Wikkit-stuff
Elke fietsenbouwer kan ik het aanraden om de bidonhouders door de nieuwe eigenaar er zelf op te laten zetten. De band tussen nieuwe eigenaar en nieuwe fiets moet groeien en heeft even tijd nodig. Het is een simpel karwei en in een paar minuten gepiept. En toch is het fijn om dat zelf te doen. De fiets is nog schoon en blinkend. Een verwend meisje voel ik mij. Maar, misschien wel jongensachtig, heb ik wel een beetje liefde voor materiaal. Ondertussen schroef ik de bidonhouders erop en glijden mijn ogen over de vormingen van het frame en de kleinere details van de Wikkit. Het is leuk om te snappen hoe dingen zijn gemaakt en waarom. Maar Ik kan met slechts een paar meter erop gefietst te hebben al concluderen dat deze jongens het goed hebben begrepen. En dan heb ik het nog niet over het frame of rij-capaciteiten van dit roze beest. Ontkennen heeft geen zin, deze fiets-band is al ontpopt tot een prille liefde.
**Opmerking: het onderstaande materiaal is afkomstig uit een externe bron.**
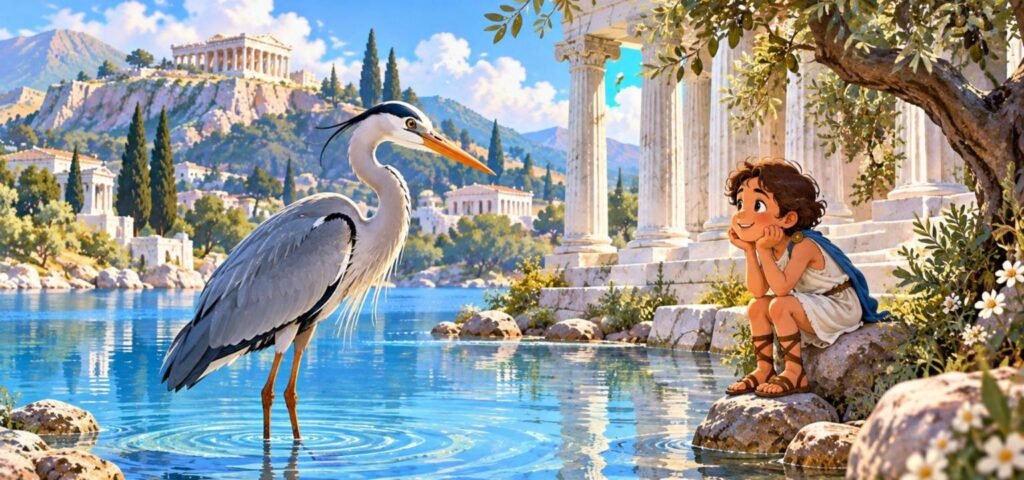 Grey heron standing in a lake beside ancient Greek temple columns while a child watches
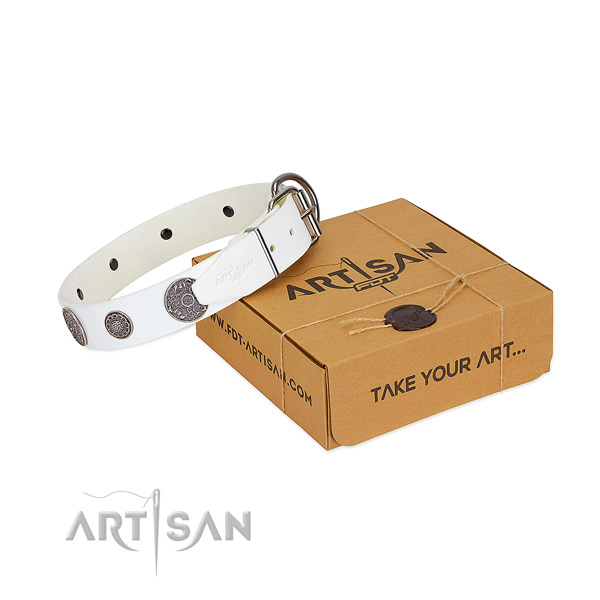 Handcrafted dog collar of genuine leather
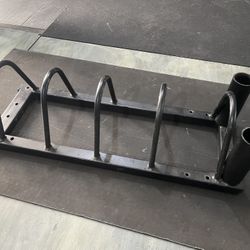 Steelbody Horizontal Plate and Olympic Bar Rack Organizer with Steel Frame  41”L x 11”W x 9.5”H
Eindelijk zou ik mijn debuut gaan maken in een strandrace. Al reed ik geen wedstrijd op het strand vorig jaar, ik kon er lekker van mee genieten. Geen winterdepressies in ons huishoudentje, maar stoere verhalen en een hoop vreugde en vrolijkheid na terugkomst thuis. Dit jaar besloot ik dan ook wat nieuws te gaan doen in de winter. En hoe kon het ook anders dan dat dat strandracen moest zijn. In de strandrace van Brouwersdam zou ik een eerste keer snuffelen aan het strand.
Op de parkeerplaats ving ik op dat het gehele parcours te fietsen was. Even dacht ik: dat is mooi! Mooi voor mij (met mijn bijna nul komma nul ervaring op offroad terrein). Met een beetje zenuwen ben ik toch maar een stuk van het parcours gaan verkennen om al een beetje warm te draaien. Niet bang zijn, gewoon gaan, zwaar verzet en de strand-afgang af knallen. Maar daar stond ik pardoes stil en moest van de fiets af. De tweede ronde dacht ik een beter spoor te volgen in het zand, maar ook deze keer kon ik niet blijven fietsen. Dat viel even tegen. Daarentegen was het kicken om met de wind schuin in mijn rug met hoge snelheid over het strand te zweven.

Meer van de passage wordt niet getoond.